⑦ 真意の確認、情報の共有化、理由の確認と掘り下げ 「オレンジ事件」

 当事者双方にとって納得のいく解決法を出していくための基本的なこととして、有名な「オレンジ事件」を例にあげながら、事前にアドバイスしておくとよいでしょう。 きょうだいで、お互いに1個のオレンジがほしいとけんかになっているときに、その理由を確認すれば、姉はケーキ作りのために皮がほしくて、妹は食べたくて実がほしかった。皮を姉に、実を妹にというお話です。

 大河ドラマで、大名から、気賀という商人の町に城を作るよう命じられた商人が、①城をつくることやむなし(逆らうと罰をうける)と②城をつくるのは反対と商人の間で、対立して喧嘩しているときに、直虎が、反対派の理由を確認して、反対派商人が「商人の町が支配されて、これまでどおり自由にできなくなる」と確認しところ、「城をつくることが問題ではなく、商人で自由にできなくなることが問題なのじゃな」と「では城をつくることを承諾しつつ条件としてこれまでどおり商人に任せてほしいとかけあってはいかが」と調停案を提案しました。このように主張の理由、目的を確認していくと、合意点が見つかることがあるのです。

 

3 弁護士の積極的活用

模擬調停の実践の際には、できれば、法教育に取り組んでいる弁護士に声をかけていただけるとありがたく存じます。全国各地に法教育委員会、弁護士がいます。調停は、弁護士にとって日常的な業務であり連携しやすいテーマです。調停委員や弁護士会のADR(裁判外紛争処理)の仲裁人等で、代理人だけではなく、中立的な立場で活動している弁護士もいます。

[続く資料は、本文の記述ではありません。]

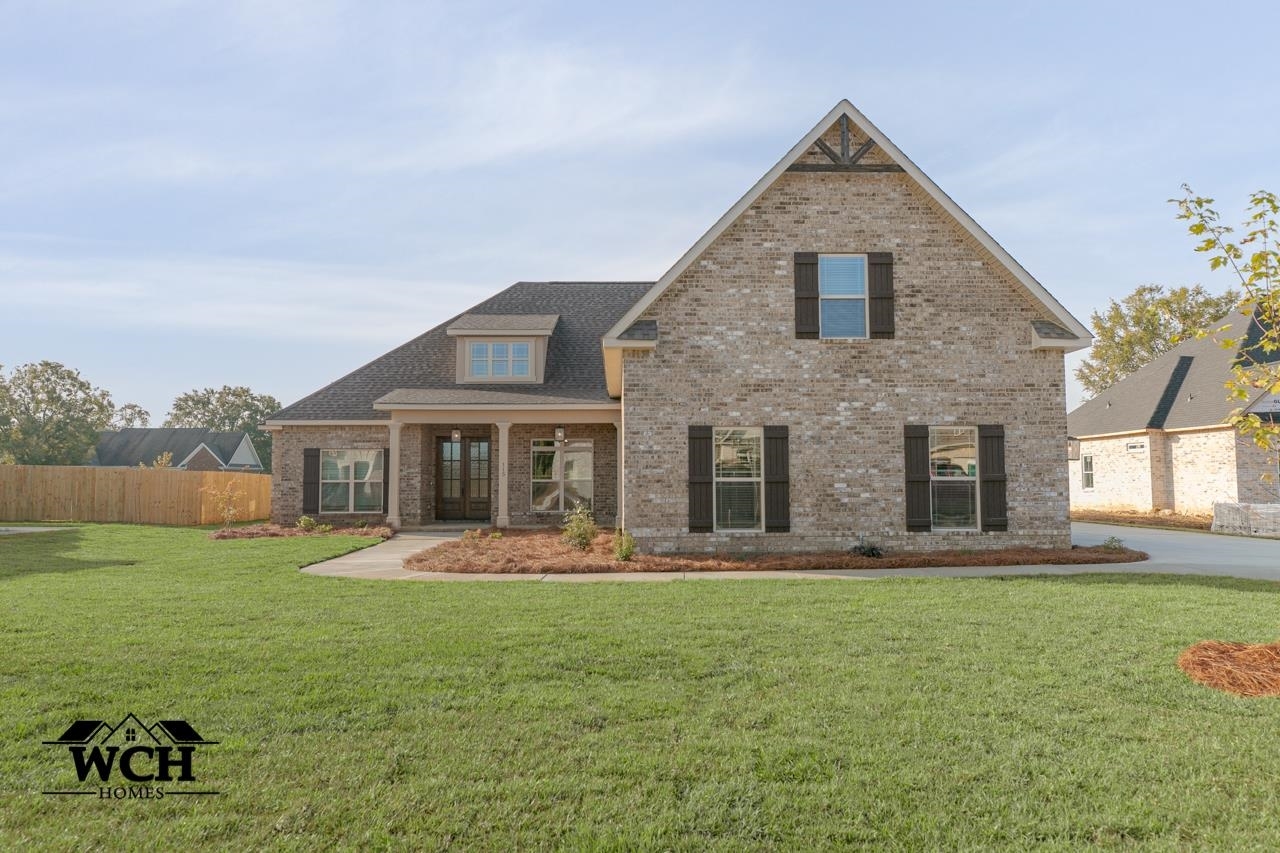 115 Flat Rock Lane, Unit 8A Perry, GA 31069 - Photo 1 of 1 a front view of house with yard and green space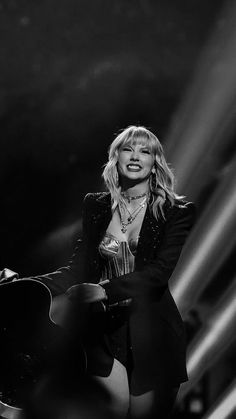 a black and white photo of a woman in a suit holding a guitar on stage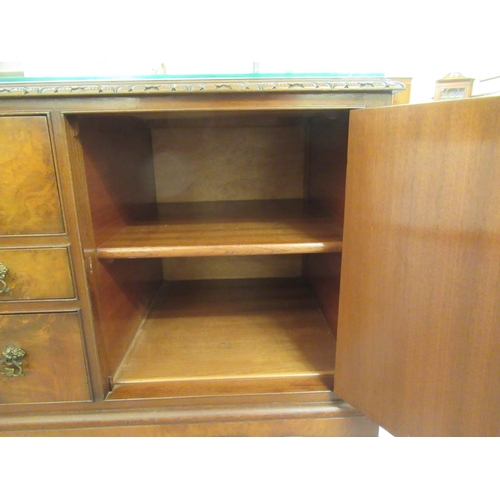 69 - A mid 20thC Waring & Gillows walnut finished sideboard with a carved edge, comprising three draw...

生徒さんに当事者役でももちろんよい体験にはなるのですが、できれば調停人の体験を生徒さんにしていただければと思います。そこで、当事者役に、弁護士を活用するのはいかがでしょうか。弁護士は日ごろ、いろいろな当事者と接していますから、リアリティのある面白い当事者を演じてくれると思います。

また先の「調停とは?」というお話や紛争解決手段の必要性や制度などについて弁護士に説明をしてもらうのもいいかと思います。

 

4 まとめ

民事調停体験を体験すること、とくに調停人を体験することは、法教育がめざす意欲や能力を育むのに大変有用です。教材もありますし、取り組みやすく、活発で面白い授業になりやすいです。また、弁護士との連携しやすい授業でもあります。ぜひ民事模擬調停を授業の中に取り入れていただけたらと思っております。